While incomes fluctuated over the years, monthly mortgage payments have consistently risen, increasing from $1316.57 in 2019 to $1461.87 in 2021. Our examination of mortgage payments by province revealed that British Columbia led in spending across all three years, with payments rising from \$1731.91 in 2019 to \$2009.52 in 2021. In contrast, New Brunswick ranked lowest in mortgage payments in all three years, although payments increased from \$887.55 in 2019 to \$974.54 in 2021. Furthermore, when we analyzed the number of dwellings in each province, Ontario emerged as having the highest count with 78,972, followed by Quebec with 52,340 and British Columbia with 30,758. Prince Edward Island had the fewest dwellings of any province in Canada, with only 6,464 dwellings.

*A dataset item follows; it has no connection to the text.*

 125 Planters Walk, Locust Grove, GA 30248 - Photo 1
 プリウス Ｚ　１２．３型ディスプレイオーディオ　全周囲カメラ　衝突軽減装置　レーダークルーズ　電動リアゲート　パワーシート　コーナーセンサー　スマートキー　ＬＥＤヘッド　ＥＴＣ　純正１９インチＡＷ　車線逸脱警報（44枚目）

## <a name="meet_joined_analysis"></a>4. Joining Liabilites Dataset with Income Dataset:
by Meet Patel

In [None]:
joined_table = pd.read_sql_query('SELECT Income.Year, YEAR(clh.Date) AS Year, FORMAT(SUM(Income.EARNG), 2) AS "Total Earnings", SUM(Income.MORTGM) AS "Total monthly mortgage payments", FORMAT(AVG(clh.`Residential mortgages`), 2) AS "Average Yearly Residental Mortgage Liabilites" FROM Income INNER JOIN clh ON Income.Year = YEAR(clh.Date) WHERE YEAR(clh.Date) BETWEEN 2019 AND 2021 AND Income.EARNG NOT IN (1000000000000.0,  99999996) AND Income.MORTGM NOT IN (99999996) GROUP BY Income.Year;', engine)
joined_table

![image.png](attachment:image.png)

Lets look at the payment to income ratio to see how much Canadians allocated their income toward mortgage payments.

In [2]:
PIR2019 = (406582800.0 * 12)/(14593071600.00)
PIR2019 * 100

33.433630244094736

In [3]:
PIR2020 = (736856400.0 * 12)/(25444388700.00)
PIR2020 * 100

34.7513823352337

In [4]:
PIR2021 = (583023600.0 * 12)/(20368284900.00)
PIR2021 * 100

34.348906814436795

Lets look at the ratio between total liabilites in thousands to the total income of Canadians to see how much debt of Canadians is a result of mortgages.

In [5]:
LIR2019 = (1596147.67 * 1000)/14593071600.00
LIR2019 * 100

10.93770875488612

In [6]:
LIR2020 = (1696411.42 * 1000)/25444388700.00
LIR2020 * 100

6.66713372445847

In [7]:
LIR2021 = (1852028.67 * 1000)/20368284900.00
LIR2021 * 100

9.092707997225629

### <a name="meet_joined_analysis_results"></a>Discussion of Results

In 2019, Canadians spent 33.43% of their income on mortgage payments. The liabilities-to-income ratio for that year was 10.93%, meaning that 10.93% of the total income in Canada was allocated to residential mortgage liabilities. The liabilities-to-income ratio dropped to 6.67% in 2020, which can be attributed to historically low mortgage rates during the pandemic, reaching a record low of 2.00% (Canadian Mortgage Trends, 2021). These low interest rates likely encouraged Canadians to focus more of their income on paying off mortgage debt, resulting in a decrease in the liabilities-to-income ratio. This shift is further supported by the slight increase in the percentage of income allocated to mortgage payments, which rose from 33.43% in 2019 to 34.75% in 2020. Similar trends were observed in 2021; however, the liabilities-to-income ratio increased to 9.09%. The percentage of income allocated towards mortgage payments also saw a slight decrease, dropping from 34.75% to 34.35%. This indicates that Canadians continued to take advantage of low mortgage rates while paying off their mortgages. Despite fluctuations in the liabilities-to-income ratio, the proportion of income dedicated to mortgage payments remained consistent over the years. Experts recommend that 28% to 36% of total income should be allocated towards mortgage payments (What Percentage of Income Should Go toward a Mortgage?, n.d.). Given that the percentage of income allocated to mortgage payments stayed between 33% and 35%, it suggests that the housing market in Canada is relatively stable, despite the challenges posed by the pandemic.